I started the year out right. I didn’t join a gym for my exercise, but I signed up for a “class” using RunKeeper, a mobile application that tracks my progress as I run, walk, or get any physical exercise, and posts my results publicly. It ties into my philosophy well, using the same tricks I used to help improve my finances.
Unfortunately, the icy weather and a tricky travel schedule have assisted my downfall. Although I’ve lost between five and ten pounds since the beginning of the year, I haven’t made any progress with my physical exercise within the past week. It may be time to purchase a treadmill.
It might be more effective to introduce a new motivation strategy based on behavioral economics, as a couple of Harvard graduates (is that important?) are doing with a program they’re calling “Gym-Pact.”
The Gym-Pact team has become a partner with several gyms in the Boston area. The team will pay gym membership fees, and those who sign up for the program have the opportunity to work out in the gyms four times each week for free. Gym-Pact recovers the membership through penalties. There is a $25 penalty for any week with an incomplete schedule and a $75 penalty for dropping the program for any reason other than injury or illness.

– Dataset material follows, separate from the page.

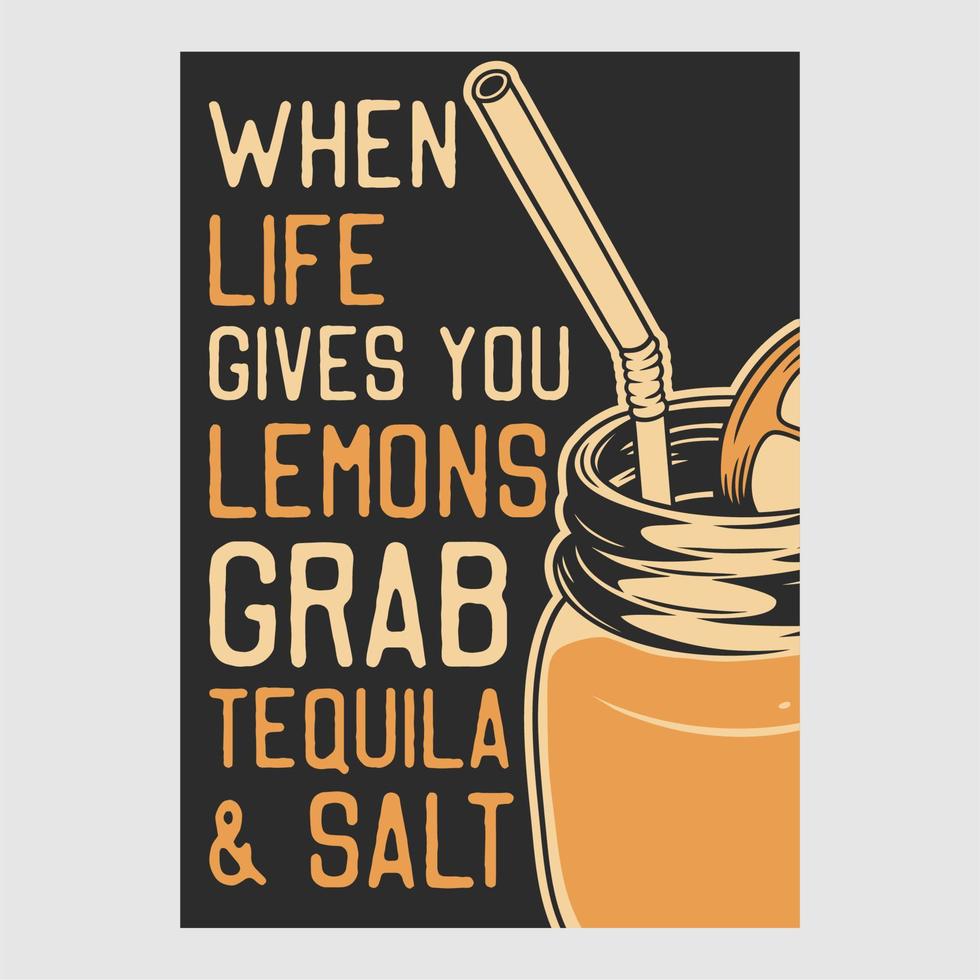 design di poster vintage quando la vita ti dà limoni prendi l'illustrazione retrò di sale di tequila vettore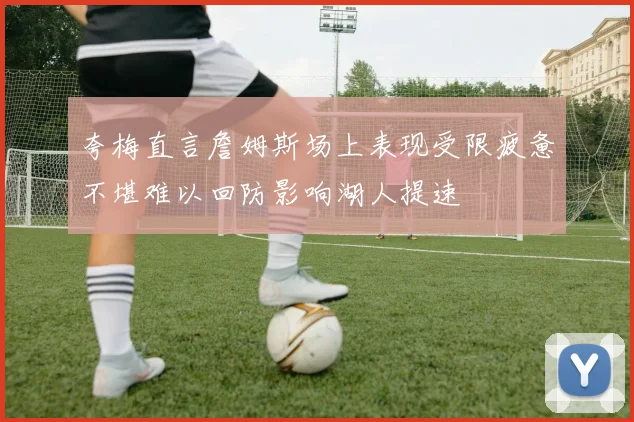 夸梅直言詹姆斯场上表现受限疲惫不堪难以回防影响湖人提速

Following this concept, I would need to penalize myself every week I don’t complete my planned running activities. But what would be the right penalty? Taking money away — transferring it into another account, for example — won’t be effective because I still would have that money. Donating money to a charity for each week I miss isn’t a penalty because charitable giving is good.
The key is to find a financial penalty that is immediate enough and will hurt enough so that it motivates me to complete the exercises as planned.
How do you use your finances to motivate you?
Published or updated February 7, 2011.